§ TASK
What is needed is an exact copy of the entries, with the pictures excluded.

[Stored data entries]
────────────────────

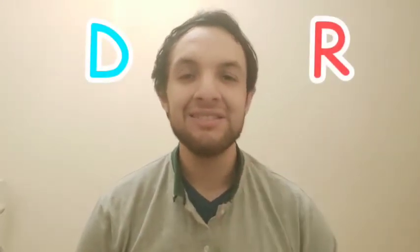In the last class, on Monday, you learned two new sounds. Do you remember? You learned the sound R and the sound D. Repeat: R, D.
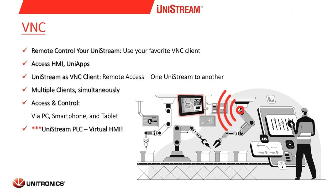Every Unistream PLC can be VNC enabled. You can download any VNC client application from the web and remote control the PLC. It can access the HMI, the user screens, and even our built-in system screens for debugging or any setup. All this can be done via PC, mobile, or tablet.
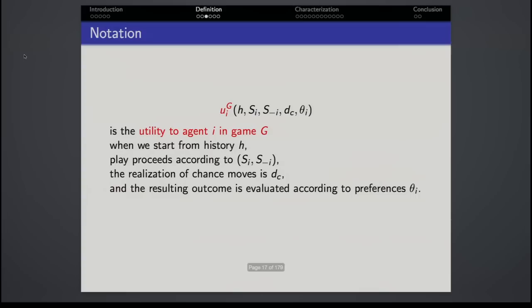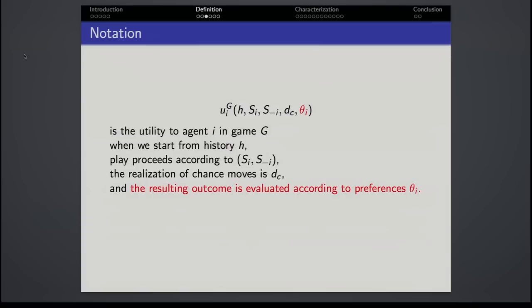The notation I need: u_i(g, h, s_i, s_{-i}, d_c, θ_i) denotes the utility to agent i in game g when play starts from history h, proceeds according to strategy profile (s_i, s_{-i}), with realization of chance moves d_c, and the resulting outcome is evaluated according to preferences θ_i. We're in a private value world. All strategies s are pure, though it turns out you can generalize this to mixed strategies without too much difficulty. I'll use h_0 for the history that begins the game, and Δ_c for the probability measure for chance moves.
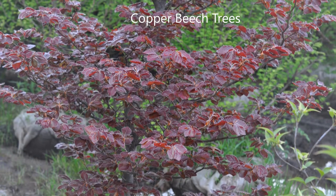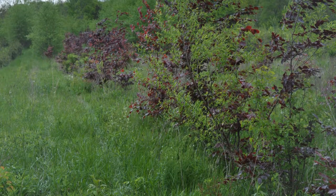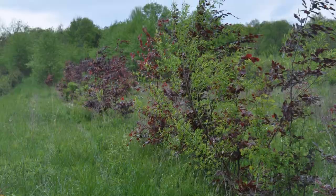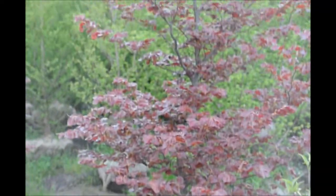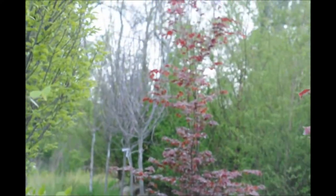This is Bill at Highland Hill Farm. We do have copper beeches available for the spring of 2018. We have 75 copper beech trees in the form of 15 to 18 inch bare root seedlings that we will be able to ship by UPS to anyone in most of the states.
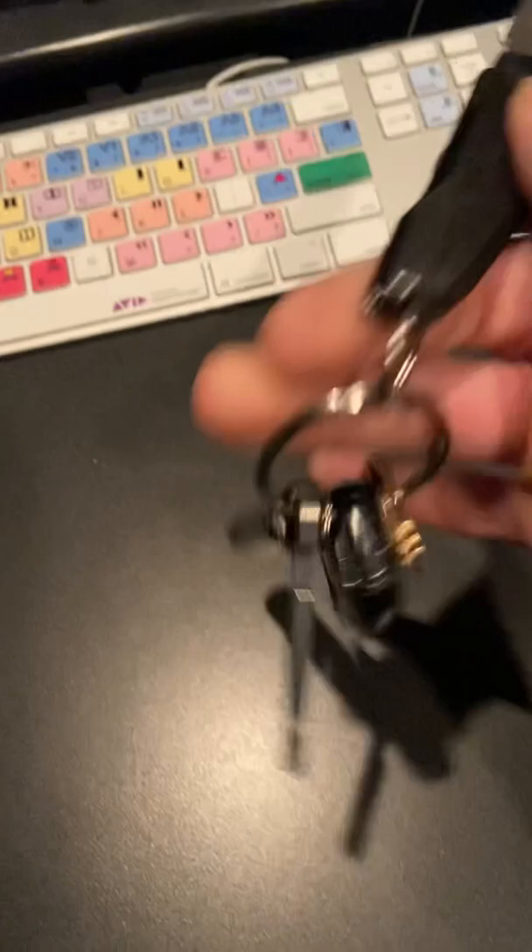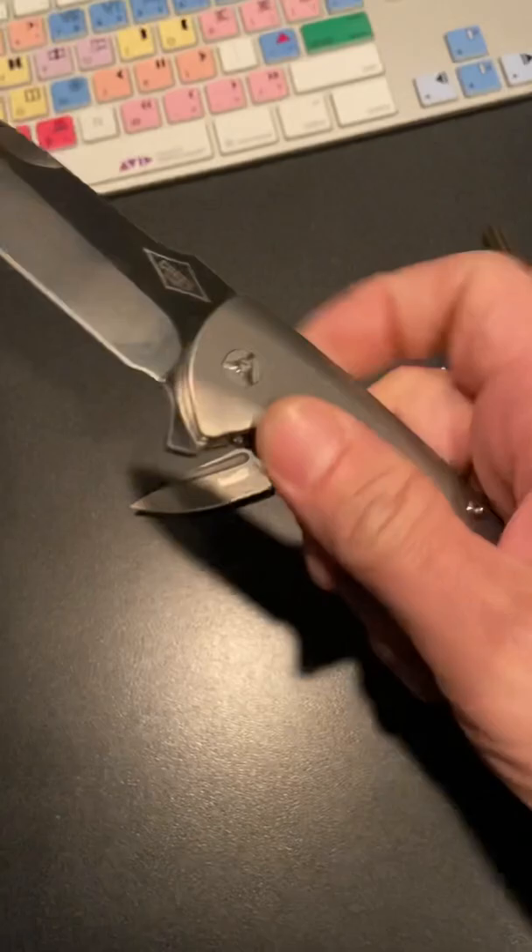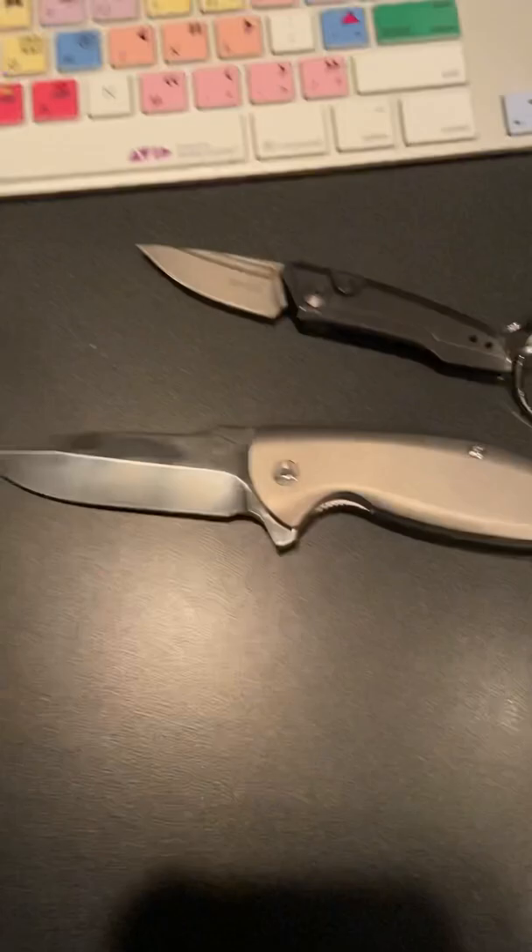I just realized that I have the most ridiculous pocket check ever. Here's my keys. Here's my front right pocket: the awesome Monterey Bay Knives, Peter Carey designed Turbo.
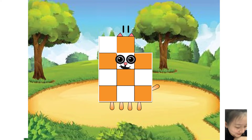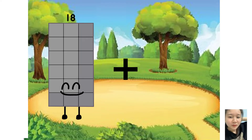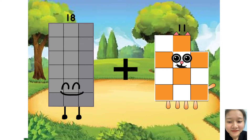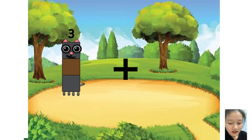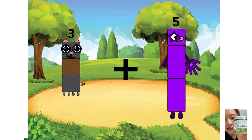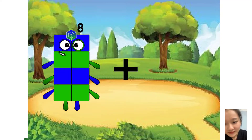Yes, you are very good. Next question. 11 equals 29. Yes, you are very good. Next question. 3 plus 9 equals 8.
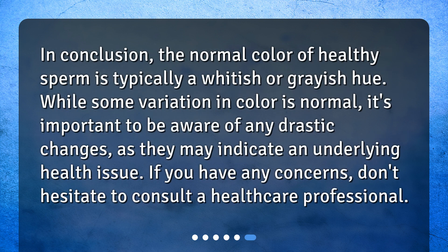In conclusion, the normal color of healthy sperm is typically a whitish or grayish hue. While some variation in color is normal, it's important to be aware of any drastic changes, as they may indicate an underlying health issue. If you have any concerns or questions, don't hesitate to consult a healthcare professional.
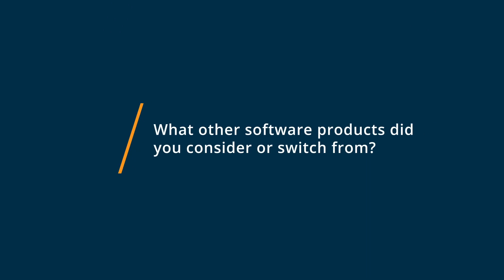Before deciding on Canto, we were really on a lot of different platforms. We had stuff on Google Drive, we had stuff on Dropbox, we had stuff on our desktop computers, we had stuff on our internal secure drive, and we really wanted to consolidate all those different disparate options into one convenient tool that everyone on our team could use and have equal access to.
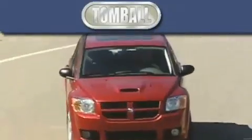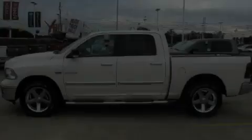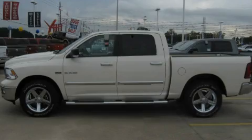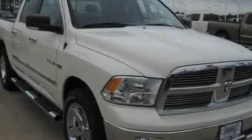Another fine vehicle offered by Tomball Dodge. This is a brand new 2010 Dodge Ram 1500. Whether hauling, commuting, or towing, this truck is the right one for you.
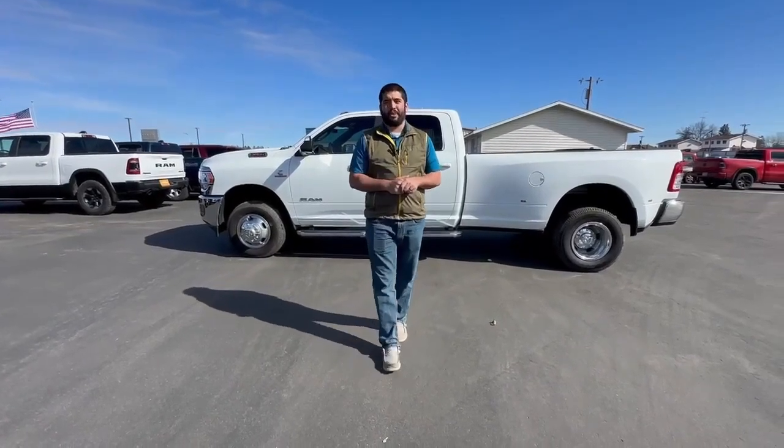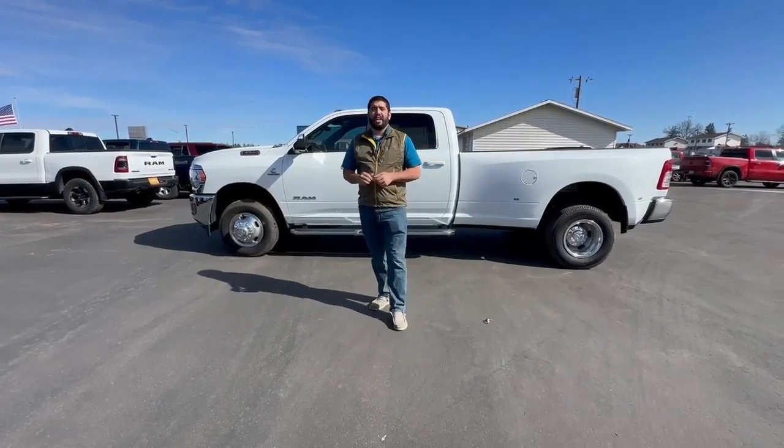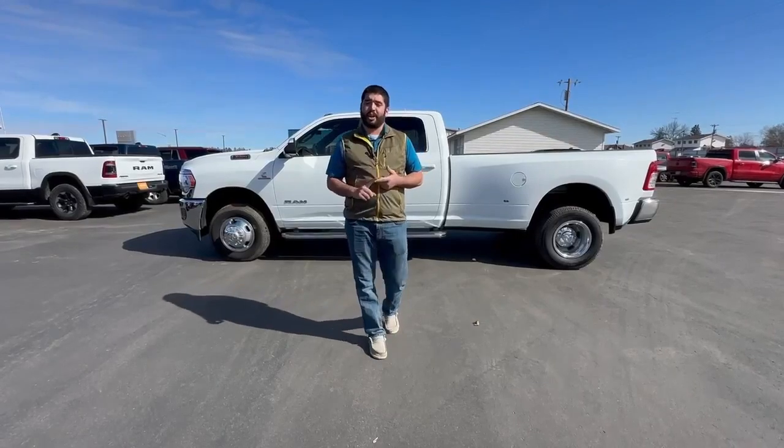Hey everyone, this is Talon down at Swan Craver Motors. Today I'm showing you the 2022 Ram 3500 one ton. It does come with the long box as well as a gooseneck fifth wheel prep package and a spray-in bed liner.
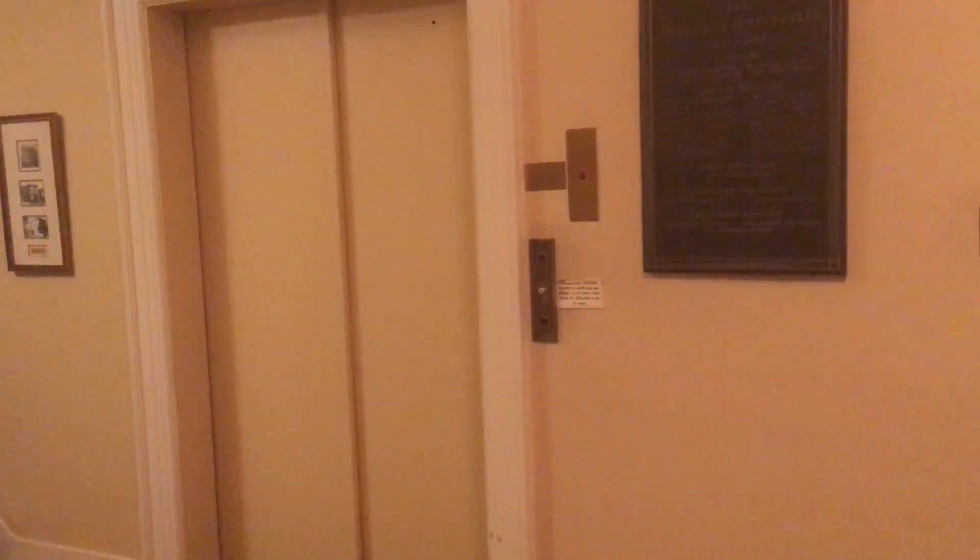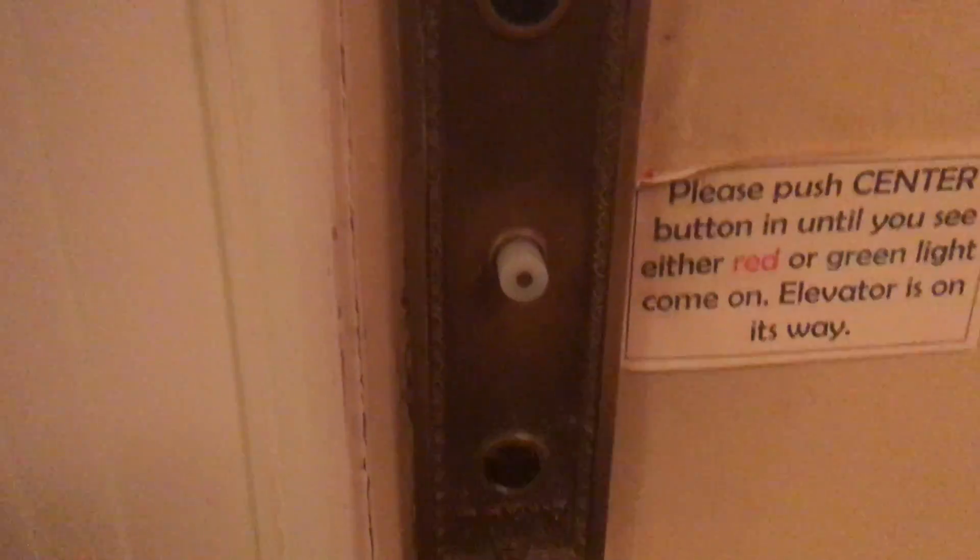This is the elevator at the 20th Century Club in North Oakland, Pennsylvania. Take a look at this. This is an original Westinghouse elevator from the 30s, I believe. The Adams Fire Service is not original, and I believe the center button is not original either.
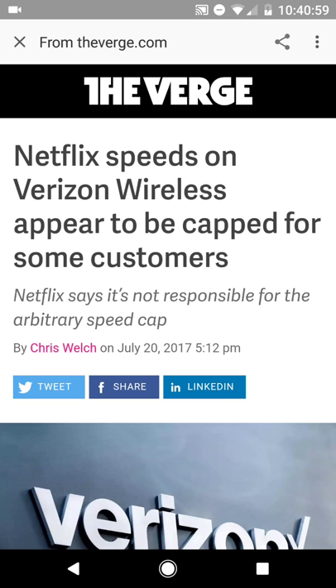What up YouTube? This is Snead from Steam Mobile Tech with a quick video for you guys tonight. This one has to do with Verizon, and specifically Netflix. Let me explain what is happening in terms of this article.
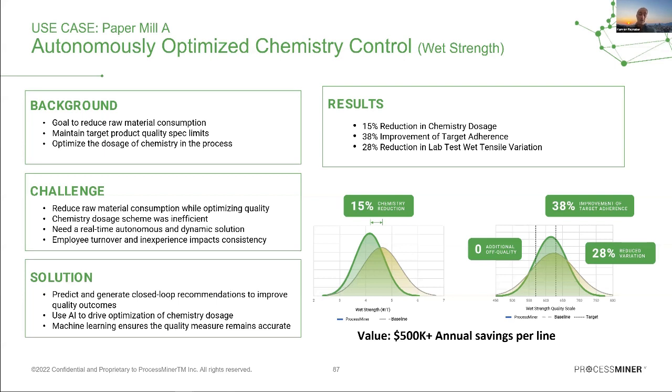On the right panel, the quality measure — wet tensile strength — is shown. Despite reducing chemistry by 15%, quality was not sacrificed. The green distribution (autonomous optimization) shows improved target adherence compared to the yellow (operator in charge), with the dashed lines representing the target region. We improved target adherence by 38%, and in total this saves customers more than $500K annually per production line.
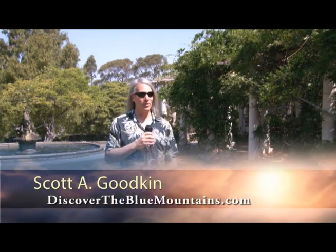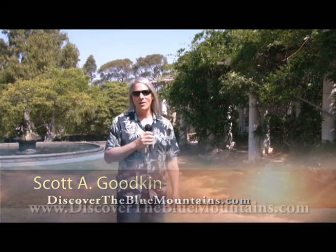Hi, Scott Goodkin here with discoverthebluemountains.com. We've got another exclusive for you here. We're at the Norman Lindsay Gallery in Faulconbridge, out in the beautiful gardens with fountains and artwork. And also if you saw the movie Sirens, this is where they filmed it — you might recognize the area.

────────────────────

§ EXPECTED ANSWER
In the last class, on Monday, you learned two new sounds. Do you remember? You learned the sound R and the sound D. Repeat: R, D.
Every Unistream PLC can be VNC enabled. You can download any VNC client application from the web and remote control the PLC. It can access the HMI, the user screens, and even our built-in system screens for debugging or any setup. All this can be done via PC, mobile, or tablet.
The notation I need: u_i(g, h, s_i, s_{-i}, d_c, θ_i) denotes the utility to agent i in game g when play starts from history h, proceeds according to strategy profile (s_i, s_{-i}), with realization of chance moves d_c, and the resulting outcome is evaluated according to preferences θ_i. We're in a private value world. All strategies s are pure, though it turns out you can generalize this to mixed strategies without too much difficulty. I'll use h_0 for the history that begins the game, and Δ_c for the probability measure for chance moves.
This is Bill at Highland Hill Farm. We do have copper beeches available for the spring of 2018. We have 75 copper beech trees in the form of 15 to 18 inch bare root seedlings that we will be able to ship by UPS to anyone in most of the states.
I just realized that I have the most ridiculous pocket check ever. Here's my keys. Here's my front right pocket: the awesome Monterey Bay Knives, Peter Carey designed Turbo.
Yes, you are very good. Next question. 11 equals 29. Yes, you are very good. Next question. 3 plus 9 equals 8.
In conclusion, the normal color of healthy sperm is typically a whitish or grayish hue. While some variation in color is normal, it's important to be aware of any drastic changes, as they may indicate an underlying health issue. If you have any concerns or questions, don't hesitate to consult a healthcare professional.
Before deciding on Canto, we were really on a lot of different platforms. We had stuff on Google Drive, we had stuff on Dropbox, we had stuff on our desktop computers, we had stuff on our internal secure drive, and we really wanted to consolidate all those different disparate options into one convenient tool that everyone on our team could use and have equal access to.
Another fine vehicle offered by Tomball Dodge. This is a brand new 2010 Dodge Ram 1500. Whether hauling, commuting, or towing, this truck is the right one for you.
Hey everyone, this is Talon down at Swan Craver Motors. Today I'm showing you the 2022 Ram 3500 one ton. It does come with the long box as well as a gooseneck fifth wheel prep package and a spray-in bed liner.
This is the elevator at the 20th Century Club in North Oakland, Pennsylvania. Take a look at this. This is an original Westinghouse elevator from the 30s, I believe. The Adams Fire Service is not original, and I believe the center button is not original either.
What up YouTube? This is Snead from Steam Mobile Tech with a quick video for you guys tonight. This one has to do with Verizon, and specifically Netflix. Let me explain what is happening in terms of this article.
On the right panel, the quality measure — wet tensile strength — is shown. Despite reducing chemistry by 15%, quality was not sacrificed. The green distribution (autonomous optimization) shows improved target adherence compared to the yellow (operator in charge), with the dashed lines representing the target region. We improved target adherence by 38%, and in total this saves customers more than $500K annually per production line.
Hi, Scott Goodkin here with discoverthebluemountains.com. We've got another exclusive for you here. We're at the Norman Lindsay Gallery in Faulconbridge, out in the beautiful gardens with fountains and artwork. And also if you saw the movie Sirens, this is where they filmed it — you might recognize the area.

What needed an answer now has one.